Snake Crosssing is an installation composed of a silicone cast snake that has cut plastic pieces embedded into the silicone (creating patterns in the snake) and that is illuminated from the inside with LED lights. In the installation, the silicone snake has burst through a cardboard box. The second part of the installation features a black resin cast snake that is covered with a structure made from plastic baggies. Each baggy contains a different object found on the ground.

The part of the installation with the black snake alludes to the weight of our consumerism and waste on the animal kingdom. The objects found on the ground are part of the same environment as where the snake lives. They have been collected a bagged, and subsequently assembled to form a blanket-like structure. This structure acts as an impediment to the snake's movements, weighing on it and trapping it.

The second part shows how the snake that has been affected by mankind's output.
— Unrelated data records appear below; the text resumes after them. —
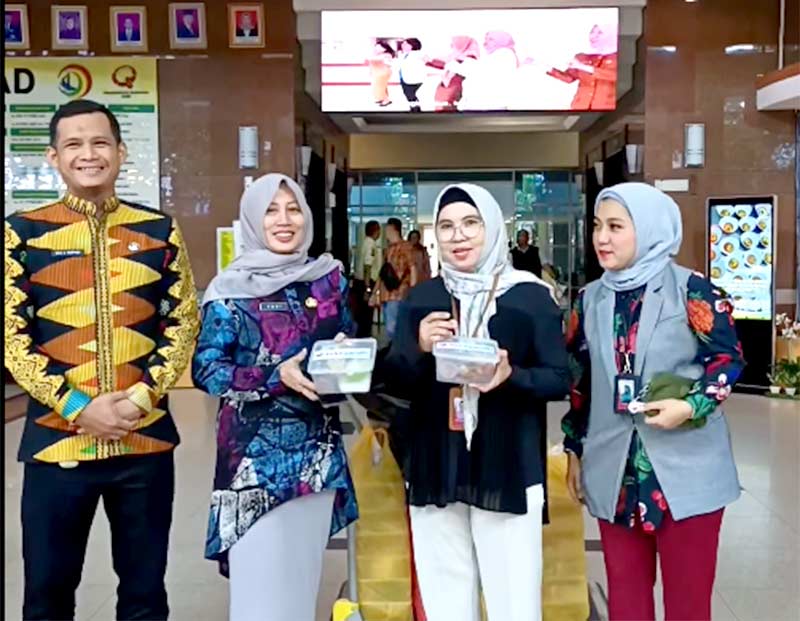 General Manager BRK Syariah Pekanbaru Cabang Utama, Rina Mutia Zuhra, dan turut dihadiri Direktur Utama RSUD Arifin Achmad drg. Yusi Prastiningsih bersama jajaran manajemen rumah sakit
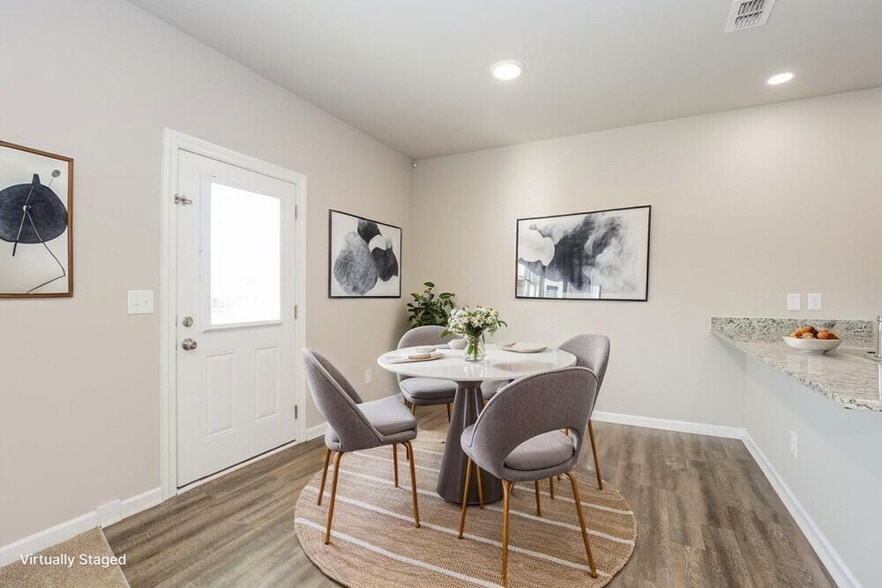 Building Photo - 2228 Lismore Dr
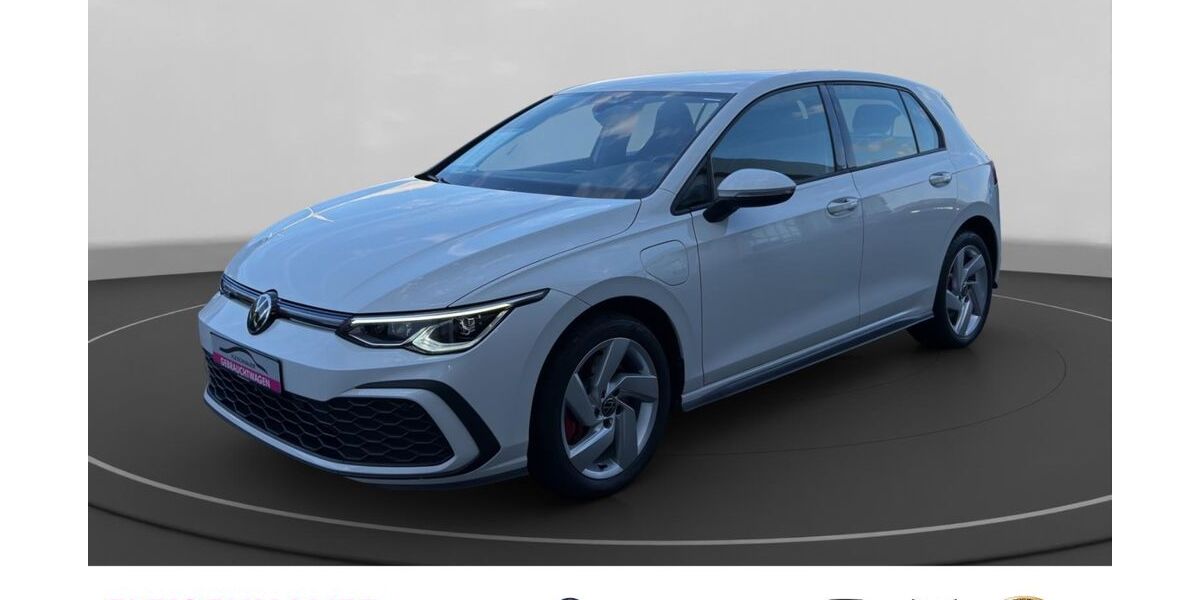 VW Golf 17.393 km 24.390 &euro; Aachen 52068
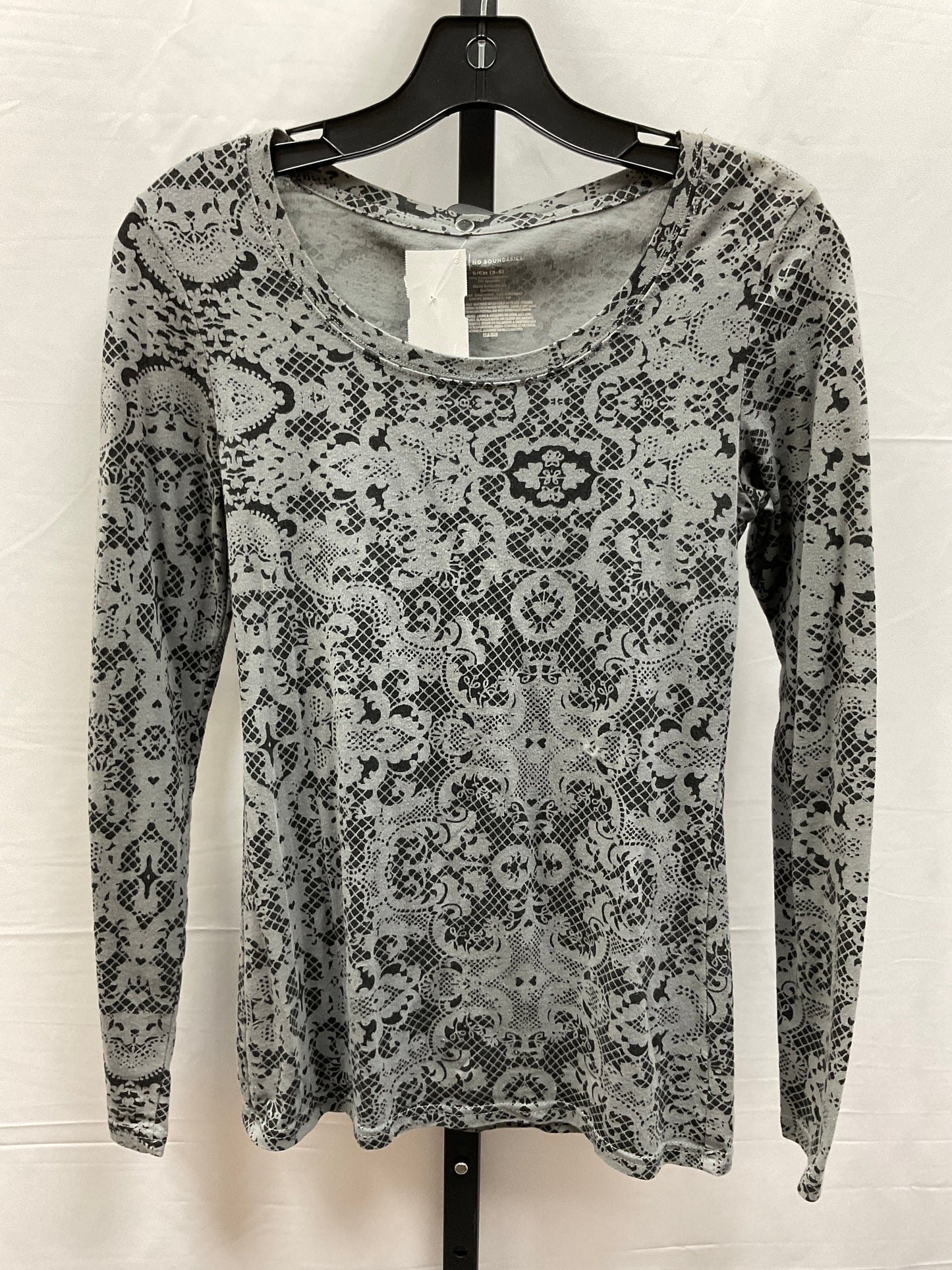 Black & Grey Top Long Sleeve Basic No Boundaries, Size S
Parts of the plastic have seeped into the snake, and it has become illuminated, almost radioactive, through a transference of the objects and plastic into the snake's body. The snake has mutated, giving it the strength to break through the cardboard box with ease, but how quickly it will take for the snake to expire is hard to tell.

The installation can be seen as different moments within a timeline of affectation of nature by man. As the planet warms and animal species are increasingly affected, man's output continues to affect the natural world, to the point of merging with it permanently.